#### [TASK REQUIREMENTS]
Copy out precisely the line that holds "Blue Bird Shoes perforated suede loafers" and all the lines following it in the data, up to and including the last one, and no others.

(DATA EXTRACT)

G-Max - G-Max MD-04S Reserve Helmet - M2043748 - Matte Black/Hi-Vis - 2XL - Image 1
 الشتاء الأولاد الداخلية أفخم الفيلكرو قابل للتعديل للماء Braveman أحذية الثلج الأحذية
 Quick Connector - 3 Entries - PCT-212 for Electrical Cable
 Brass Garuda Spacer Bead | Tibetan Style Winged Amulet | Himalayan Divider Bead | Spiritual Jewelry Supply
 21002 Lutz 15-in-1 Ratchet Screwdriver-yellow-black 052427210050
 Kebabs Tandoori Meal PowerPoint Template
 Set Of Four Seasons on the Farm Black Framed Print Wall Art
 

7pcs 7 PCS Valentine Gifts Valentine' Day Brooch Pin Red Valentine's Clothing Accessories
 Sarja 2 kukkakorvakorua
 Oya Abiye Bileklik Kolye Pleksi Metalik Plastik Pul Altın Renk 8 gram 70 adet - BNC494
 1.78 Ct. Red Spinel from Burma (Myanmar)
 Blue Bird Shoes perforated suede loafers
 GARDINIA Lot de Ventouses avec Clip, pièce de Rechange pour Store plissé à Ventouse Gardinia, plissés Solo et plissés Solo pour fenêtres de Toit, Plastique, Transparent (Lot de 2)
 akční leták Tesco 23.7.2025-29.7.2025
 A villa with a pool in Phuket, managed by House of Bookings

(End DATA EXTRACT)

#### [ANSWER TO THIS TASK]
 Blue Bird Shoes perforated suede loafers
 GARDINIA Lot de Ventouses avec Clip, pièce de Rechange pour Store plissé à Ventouse Gardinia, plissés Solo et plissés Solo pour fenêtres de Toit, Plastique, Transparent (Lot de 2)
 akční leták Tesco 23.7.2025-29.7.2025
 A villa with a pool in Phuket, managed by House of Bookings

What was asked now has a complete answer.